Getting started

Basic concepts

Step

Your data science experiment consists of many steps. For example, data loading step, data preprocessing step, model training step, model evaluation step, and so on. In Villard, each step is a Python function that takes some parameters and returns a result. The parameters can be some user-defined data, or the result from other steps. Interconnected steps resemble a directed graph, and we call it a pipeline.

Pipeline

Several interconnected steps comprise a pipeline. Data science projects can have multiple pipelines, e.g., data preprocessing pipeline, model training pipeline, model inference pipeline, etc.

Run

A run is the execution of all the steps in pipeline, from the beginning to the end.

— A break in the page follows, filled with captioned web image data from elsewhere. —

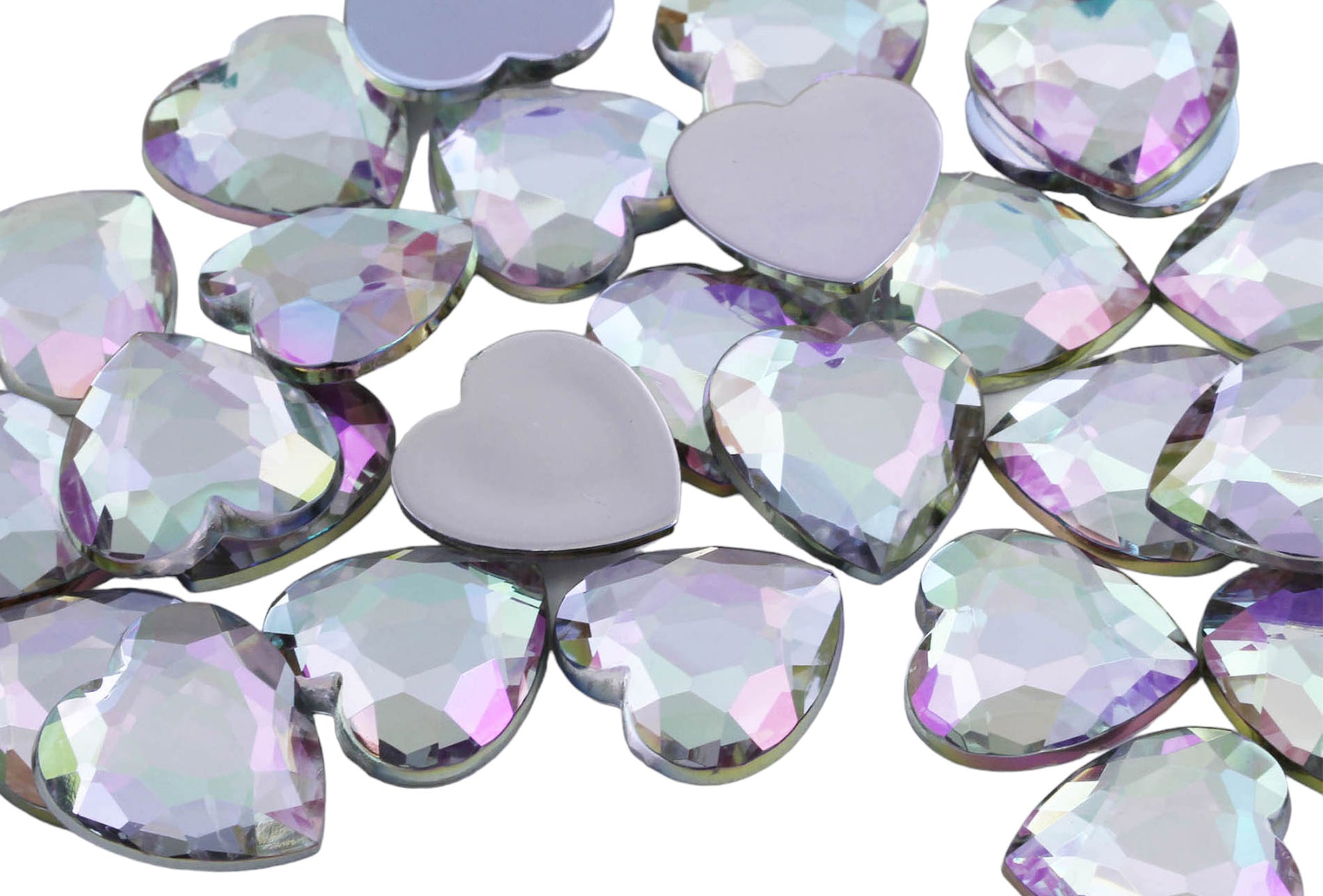 crystal ab iridescent heart flat back acrylic gems valentine's day love gift girlfriend boyfriend mom dad family plastic rhinestones for craft gemstones body jewels face skin cabochons embellishments cosplay prop making jewelry making party diy crafts costume making scrapbooking high quality allstarco décor stones larp events film making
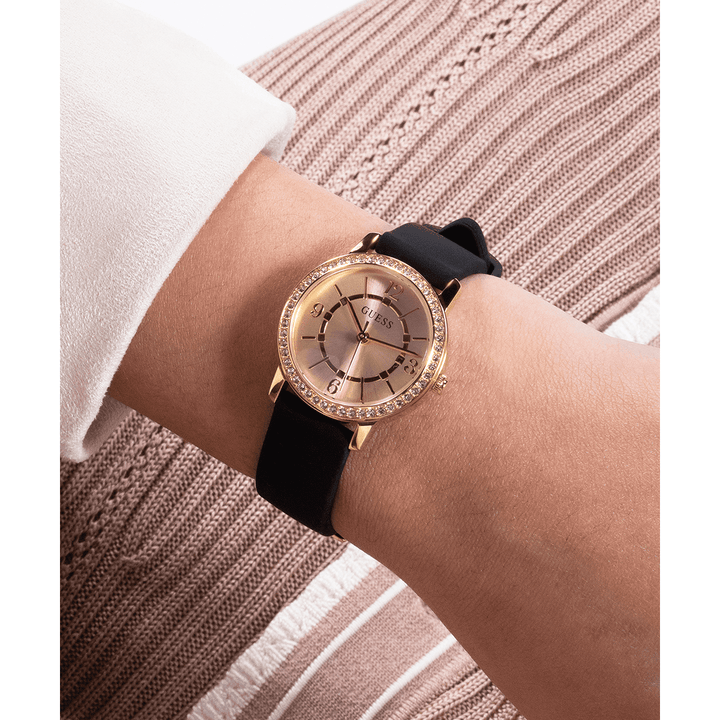 GUESS Ladies Black Gold Tone Analog Watch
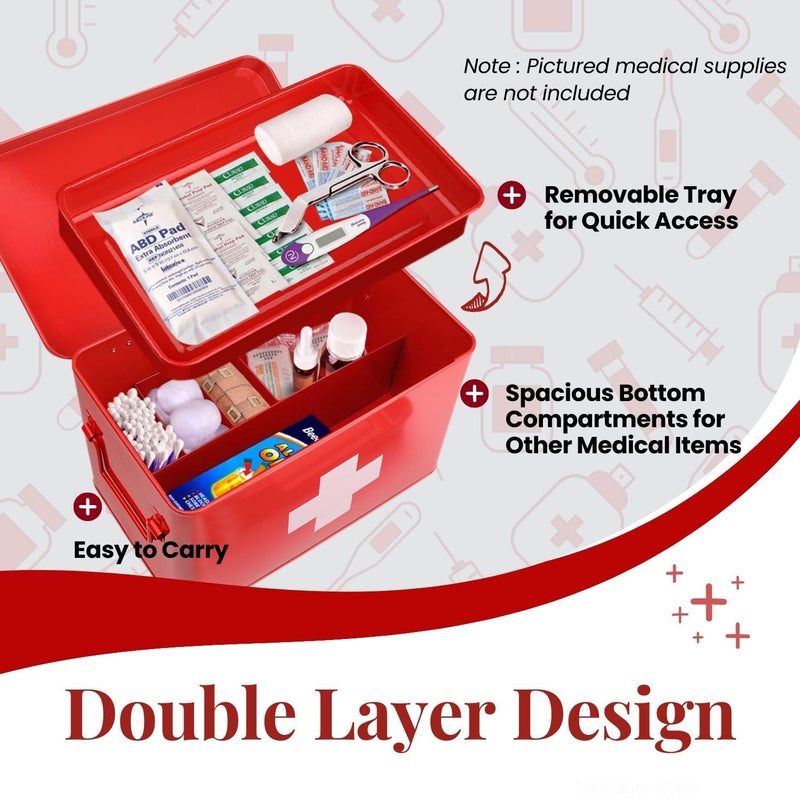Flexzion First Aid Box Organizer Empty 13" Red Vintage First Aid Kit Tin Metal Medical Box - First Aid Storage Box Container Bins with Dividers, Removable Tray and White Cross Logo - Image 5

Consider following pipeline example:

flowchart LR
  load_data --> preprocess_data;
  preprocess_data --> train_model;
  train_model --> evaluate_model;
  preprocess_data --> evaluate_model;

Each box represents a step. The arrows represent the dependencies between steps. A single run of the example pipeline would be the execution starting from load_data to evaluate_model.

Hello world pipeline

For our first example, let’s consider the following simple pipeline:

flowchart LR
    get_name --> greet;

Villard is all about pipeline orchestration. It is designed to cope with frequent pipeline changes. All pipeline definitions and changes are made in configuration files. Let’s create one. In your project folder, create a config.yml file.

Note

Villard supports not only YAML, but also JSON and Jsonnet.

At very least, a configuration file must contain a pipeline_definition section, and that section must contain _default key.

step_implementation_modules:
    - implementation

pipeline_definition:
    _default:
        combine_name:
            first_name: "John"
            last_name: "Doe"
        greet:
            name: "ref::combine_name"

It also accommodates multiple pipelines, so you may add more definitions other than _default.

The combine_name step will take the values of first_name and last_name. This step will output a string that is the concatenation of both names. The output of combine_name is then passed to greet step to be displayed. Note that the name value of greet step is ref::combine_name. It means that the greet step refers to the output of combine_name step (which is the concatenation names).

Then we make the pipeline steps’ implementation in implementation.py.

from villard import pipeline

@pipeline.step("combine_name")
def combine_name(first_name, last_name):
    return first_name + " " + last_name

@pipeline.step("greet")
def greet(name):
    print ("Hello, " + name + "!")

Now execute the pipeline by invoking following command:

$ villard run config.yml